There are many things that can be checked to make sure your pickups perform properly. Some important things are:
- Make sure potentiometers are clean and the right value and taper.
- Make sure all switches and contacts are properly soldered and connected to the right connections.
- Check for dirty or faulty jacks that can oxidize in time as the plating inside the jack becomes worn. Oxidized jacks can keep the guitar cord from making a solid connection and can cause static and crackles.
- Check for cold solder joints that can work intermittently.
- If pickups are weak and you turn the tone control to zero and the volume goes away then there is a break in the coil or connection.

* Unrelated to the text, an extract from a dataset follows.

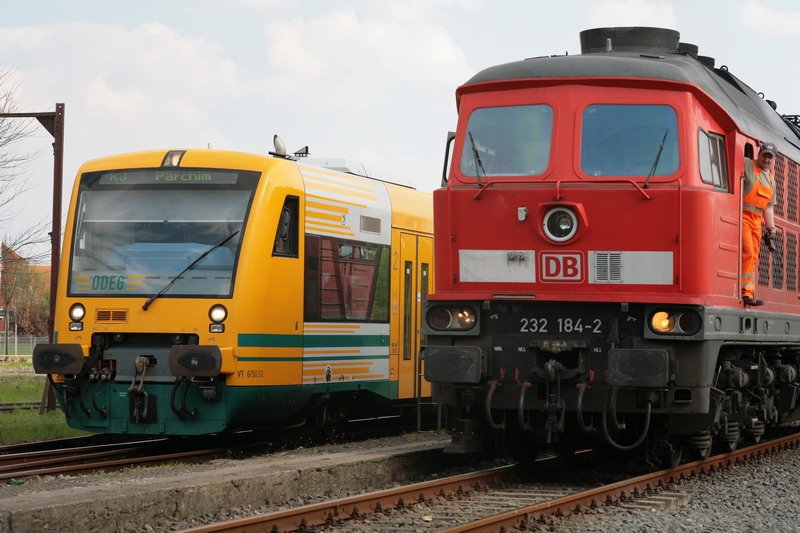 In Hagenow f�hrt die ODEG mit dem 650.52 nach Parchim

- You register no DC ohm reading from a meter, the coil may be damaged or shorted.
- If the ohm meter goes to Zero (shorted circuit) when testing, there might be a short between the hot and ground connections or hot wires might be hitting a metal cover causing the pickup to short out.
- Make sure all the pickup components are tight and secure and not loose that can cause feedback or pickup howl.
- Keep steel wool away from pickups. It is used often to polish frets or other guitar work and the fibres can get lodged in the pickup and are attracted by the magnets within the pickups.
- Check for rusting or pole oxidation especially on single coil pickups. It can lead to ICPC (inner coil pole corrosion) and can eventually destroy the coil on single coil pickups.
- Check before and after the DC resistance of a pickup when removing metal covers on humbuckers and if the solder joint is not fully removed and can snag and damage the coils.
- Don't keep pickups with exposed coils loose in a guitar case, box or other containers that can cause the pickups to hit each other and damage the pickup. Humbuckers have metal legs that can scratch bobbins and gouge into coils.
- Make sure the magnets are properly phased in a pickup. In Gibson P-90 pickups, if the magnets are not put back properly the pickup will have little output or can be out of phase with other pickups. If two pickups are out of phase with each other, a magnet in one pickup can be reversed or the hookup in the coils will have to be reversed to electrically correct the phasing. By flipping the magnet over 180? degrees will magnetically phase the pickups.
- Make sure no screws or hardware are penetrating wires through drilled or routed cavities.
- Make sure the guitar work done is performed by a qualified repairman with the proper tools and experience. Make sure you use the proper testing equipment and follow proper safety procedures. Disconnect the instrument from the amplifier when using soldering irons as they could be a different polarity and could cause a severe electrical shock.